An Ode To Insanity
The blissful, obsessive irrationality of surfing.
It was a sunny day. Hot, too. One-foot walls of water made their way toward a beach that was half sand and half skin then impotently collapsed about ten feet from the shoreline. There were twenty people surfing.
Surfing, in that instance, is a relative term — in my opinion, what I witnessed that day would more effectively be described as either “a lowland gorilla attempting a Richard Simmons workout on VHS tape” or “people who bought the $800 resin-tint bullshit twin-fin because it looked cool.” And yet, there they were. All twenty of ‘em.
This is insane.
That conclusion was based off a norm I’d gotten a little too comfortable with.
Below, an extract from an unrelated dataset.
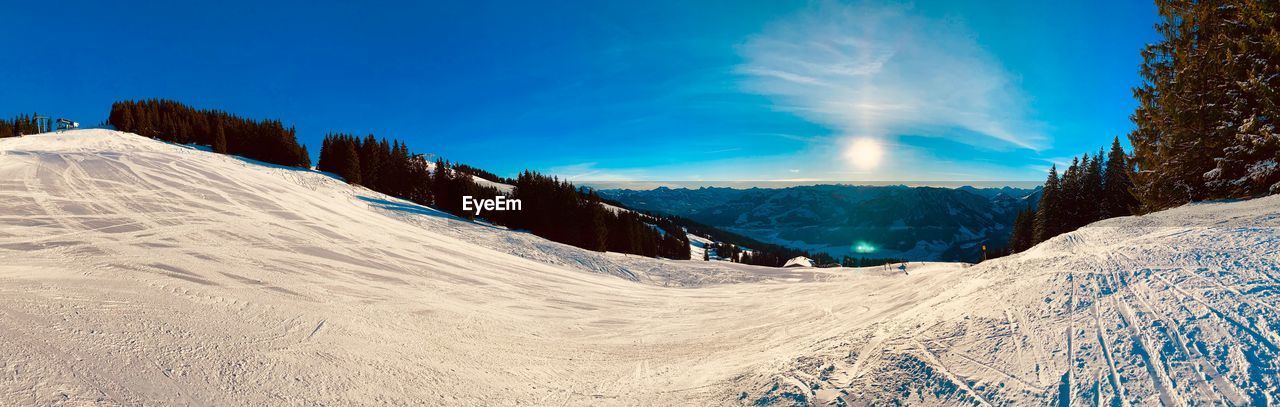 Scenic view of snowcapped mountains against blue sky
Less than three months ago, under grey skies, in a cold rain, with wind that was only a little bit weird, the North Atlantic produced some of the most fun overhead bowls I’ve ever laid my rail on. There was not one other person in the water. This was a normal occurrence. This was the exact same spot.
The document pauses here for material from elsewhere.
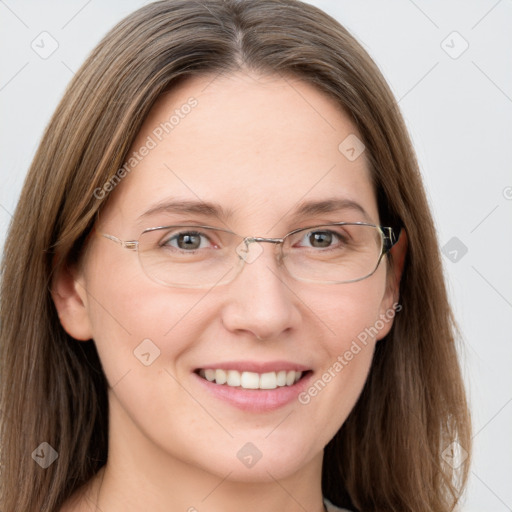 Joyful white adult female with long  brown hair and grey eyes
Trekking through the snow covered sands of Nova Scotia and donning a 5/4/3 and boots just to wiggle about on a block of foam, that’s not insane. Is it?
Photography
Mike Bromley
Fucking insane.
Insanity — which can be defined as extreme folly or unreasonableness — that people would only want to go in the ocean and ride waves when the sun is shining high and bright and the water is warm enough to wear boardshorts and everybody is tan and people are half-naked or occasionally full-naked and sometimes even attractively so. There’s nothing reasonable about that.
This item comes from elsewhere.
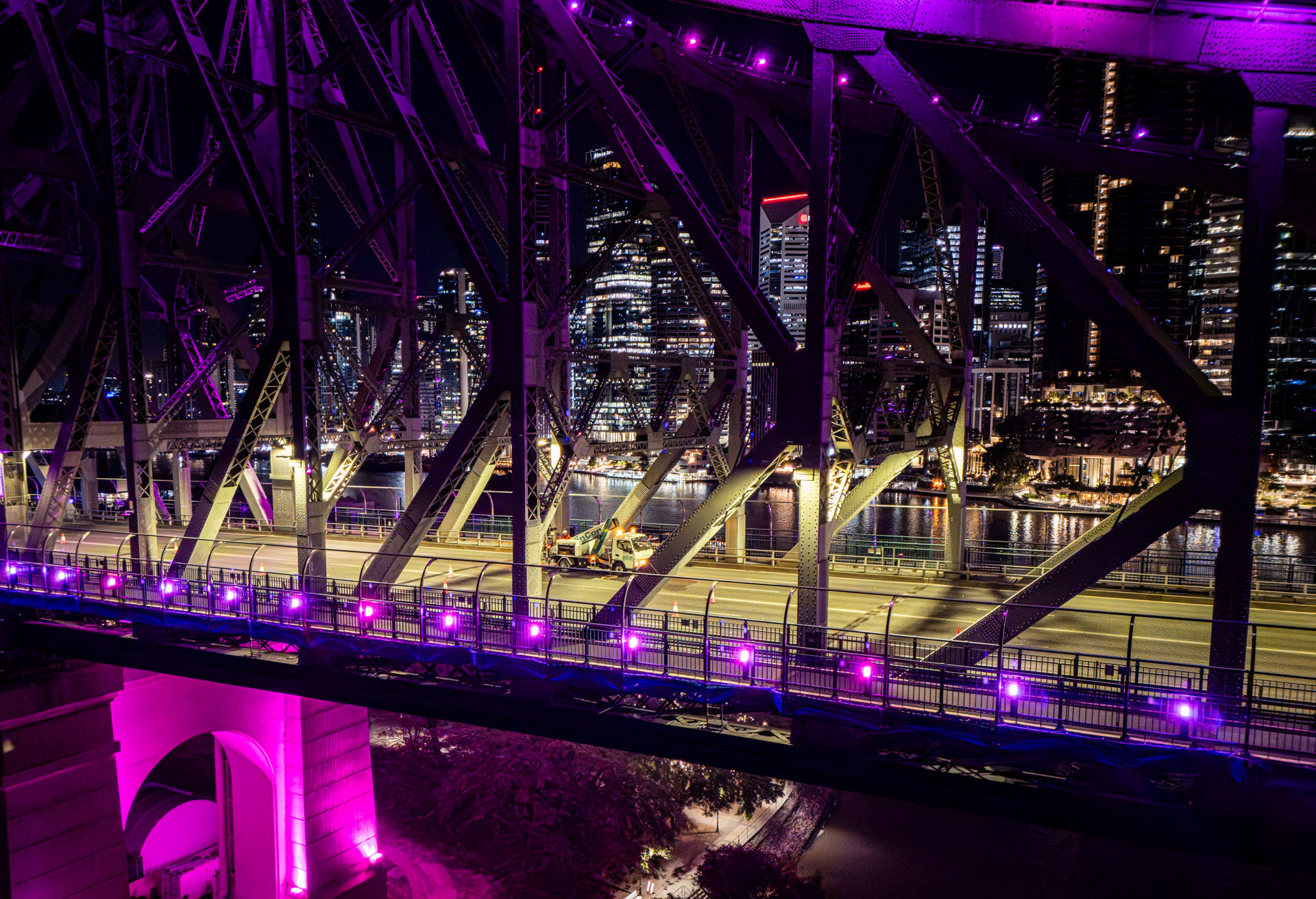 Side aerial perspective of Story Bridge structure illuminated at night during live maintenance operations.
What is reasonable, though, is working your ass off to save up a couple grand and not putting that money into an account or a house or making any form of traditional investment with it, and instead opting to spend it on a flight to the other side of the world based off a whisper you heard from a friend of a friend. Reasonable is leaving a warm bed at 5 AM with the desperate hope that maybe the forecasters got it wrong, maybe the wind won’t pick up so damn early. Reasonable is dedicating a large chunk of your life to pursuing some phantom thrill.
Right?
I thought about the places where reason has guided me. Like a halfway house in Puerto Rico because it was on their version of Craigslist and was the cheapest room in town. And behind the wheel of an automobile weaving its way in a zen-like-fear through an Arab street market in Africa because going around it would’ve taken too long and we had a tide to beat. Or the oppressively cold waters of a New Jersey winter, with sideways snowflakes pelting my pre-teen cheeks and digging straight to the bone, all for a waist-high windswell. You probably have stories that relate — obsession manifests itself in many different ways.
This wave at the Right, as ridden by Mark Mathews, is though.
Photography
CALUM MACAULAY
But obsession also manifests insanity. Often in life, always in surfing. In both: you don’t realise it’s happening. Without demand or warning, your perspective warps in a radical way — a way that yanks up the roots of logic and sets them all on fire, so why even try to describe it in terms that the unelectrified majority could understand?
Standing, ten feet from the shoreline, waiting for another one-foot wave to try to burgle a foam climb off of — I had the thought one last time.
This is fucking insane.
Something was different though. I finally knew where that insanity lived. And I thanked it for all those vivid delusions for exposing me to sights and sounds and thoughts and feelings that sane people forever insulate themselves from.
Maybe it’s time you thank insanity too. If not, sick twinny. Is that a resin tint?